The Pirates have only played twice away from Penzance this season and lost both matches. Conversely the Knights have won two of their three home games played.
Pirate try-scoring has occurred equally between the Forwards and the Backs with the Back Row being dominant, followed by Centres then Wings. Add one for the Full Back and one for the Front Row to get the full complement of tries scored by position. Most tries have been scored in the last quarter, which indicates that fitness isn’t an issue or possibly weaknesses in defence have been noticed and exploited.
The defence against opposition Backs has been 25% worse than against Forwards. Their weakest areas have been by Centres, possibly by breaking the line and then by Wings, so probably out wide. Opposition Centres have scored more tries against the Pirates than any other team in the Championship and the Pirates are one of only three teams to have conceded a penalty try. Possibly our forwards could look for push-over tries that might lead to the Pirates illegally collapsing the set piece or we should look to shipping the ball out to the Centres to possibly break the defensive line and score/ pass out to the Wings. Tries have predominantly been conceded in the second and last twenties.
To summarise we need to overcome the strong Pirate defence using either Forward dominance or good Back interplay and strengthen our defence predominantly against their Back Row.
Fly Half Kieran Hallet is the Pirates sharp-shooter with the boot and Flanker Alex Cheeseman is their leading try-scorer.
Elsewhere this weekend:
Friday
Moseley (12) welcome Ealing Trailfinders (11)
Bedford Blues (6) host Rotherham Titans (4)
London Scottish (3) are at home against Nottingham (9)
Saturday
Jersey (8) fly over to London to play the Welsh (7)
Sunday
Bristol’s (2) Ashton Gate Stadium welcomes lead leaders Leeds Carnegie (1)

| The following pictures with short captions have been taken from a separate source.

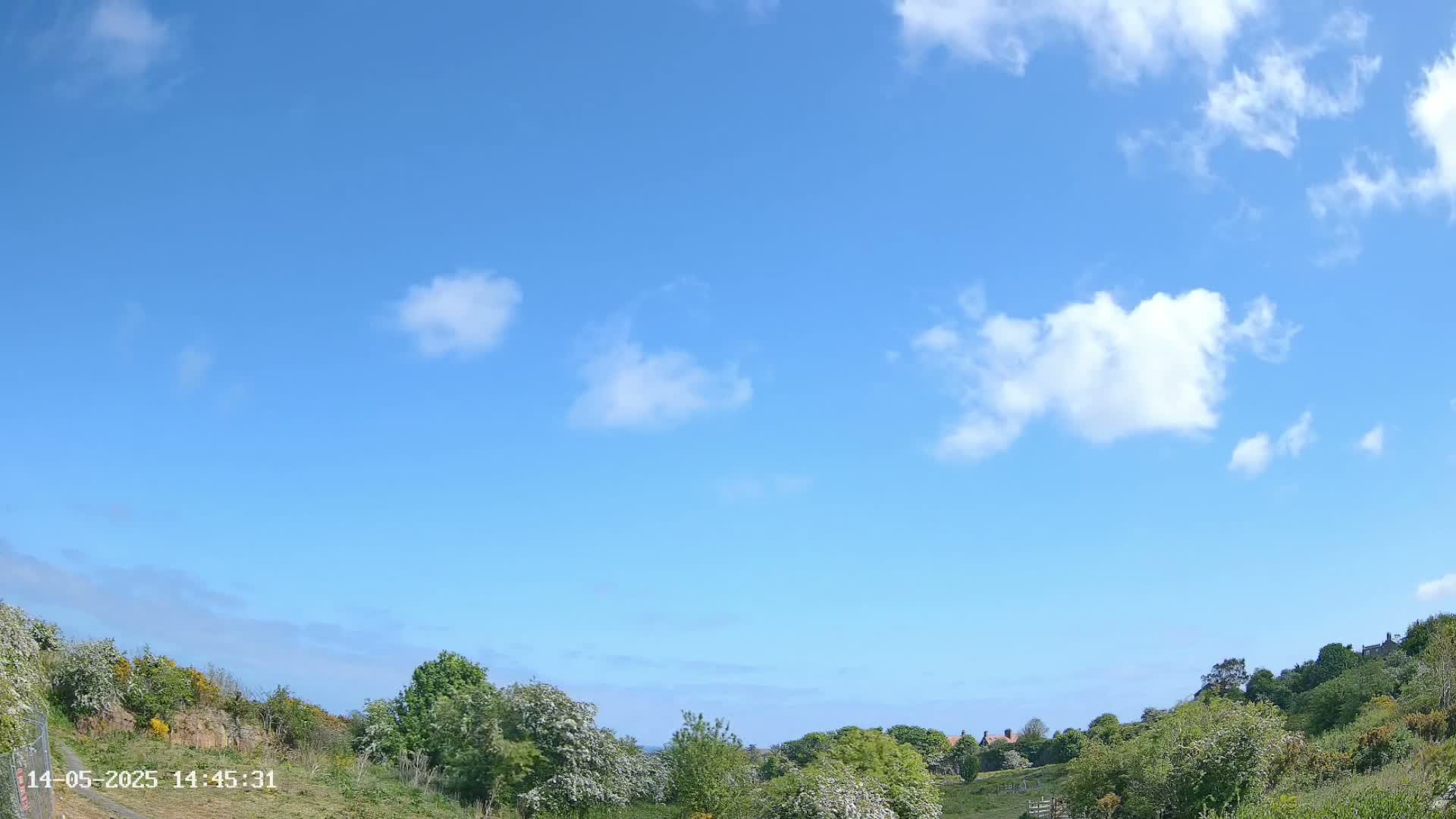 A mostly sunny day with scattered white clouds over a hilly landscape with green vegetation.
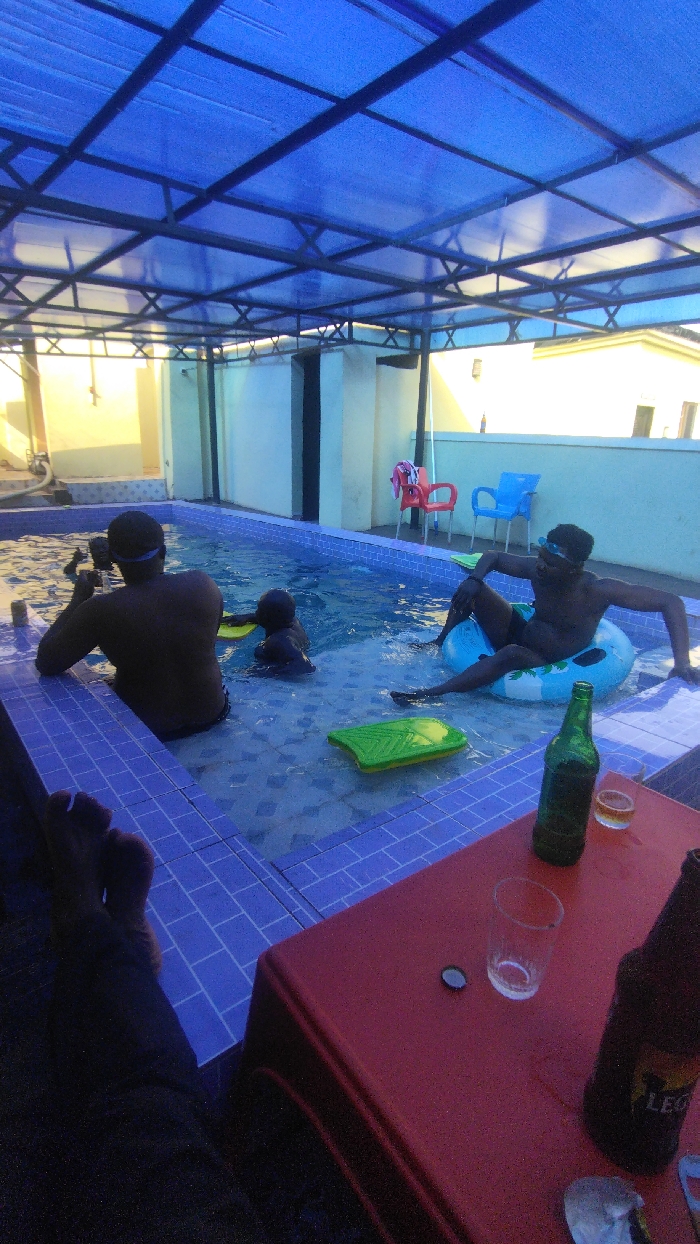 The image depicts an outdoor swimming pool under a blue translucent roof in Ankpa, Nigeria. Three individuals are in the pool; two adults wearing goggles, one sitting in a blue inflatable ring, and a child. A green kickboard floats in the water. A red plastic table is positioned in the foreground, with a green beer bottle, a brown beer bottle, an empty glass, and a glass containing amber liquid on it. One person's feet are visible in the lower left corner of the image. In the background, there are white walls, a window, and two plastic chairs.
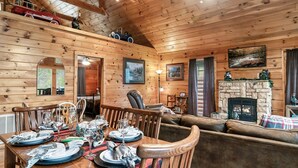 Ein gemütliches Blockhaus-Interieur mit Essbereich, Kamin und Holzwänden.
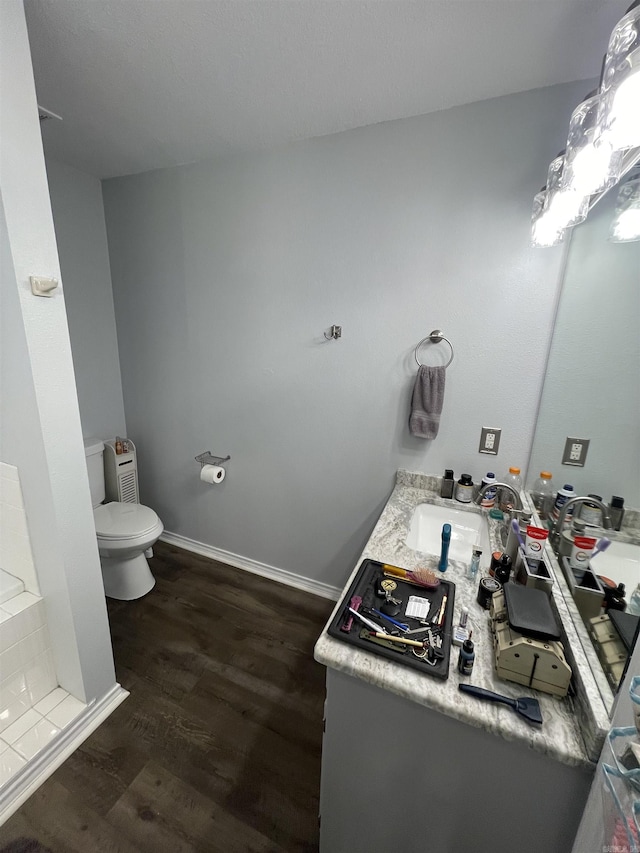 bathroom featuring vanity, toilet, wood finished floors, and baseboards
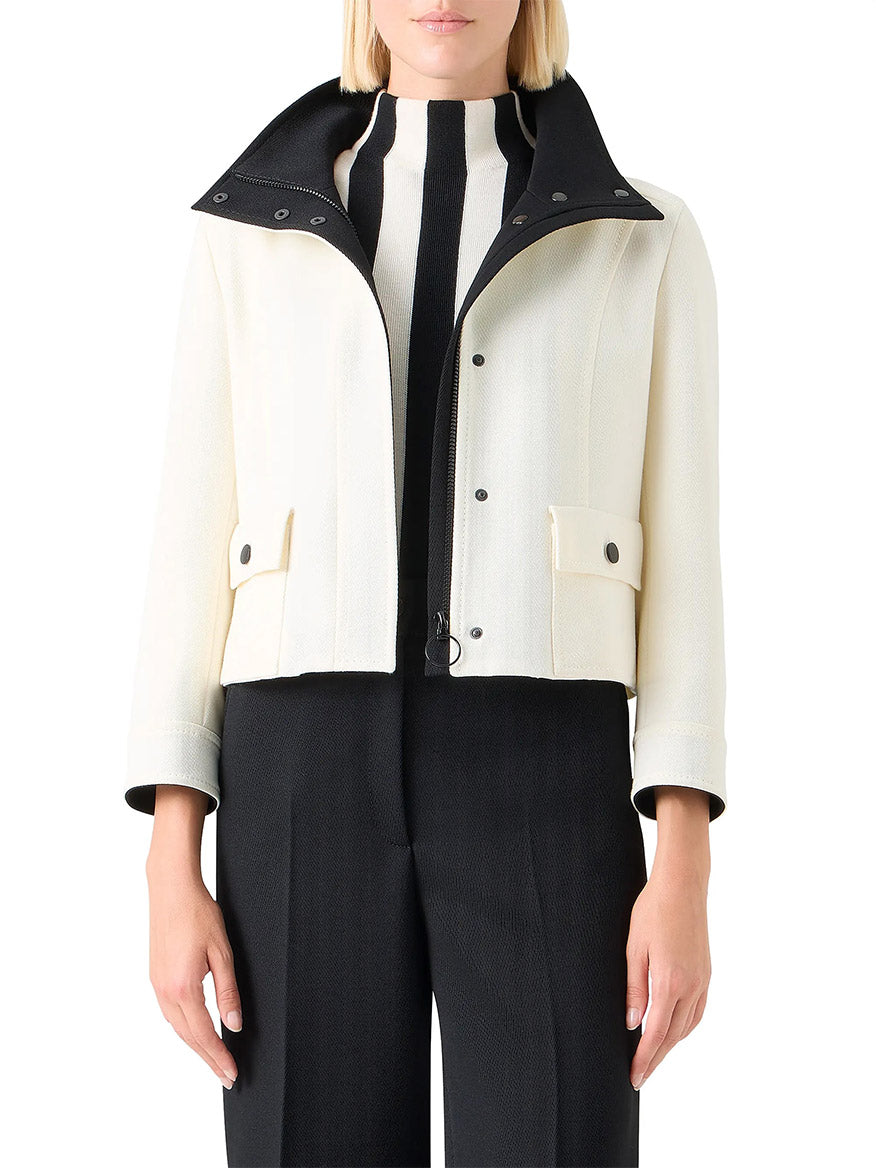 A woman wears the Akris Punto Wool Tricotine Stand Collar Jacket in Cream/Black with front buttons, layered over a black and white striped top and black pants.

The weekend sees first v second, seventh v eighth and an eleventh v twelfth encounters, so there is the potential for a big shake-up in league positions. This early in the season there’s only the bottom three; Cornish Pirates, Ealing Trailfinders and Mosely that can’t overtake us in one game. The highest position that we could possibly aspire to achieve after this weekend is third. First v second and eleventh v twelfth can’t affect our league position but our result and the other three results could. However we shouldn’t concern ourselves with other results; only the next game whose outcome we can effect.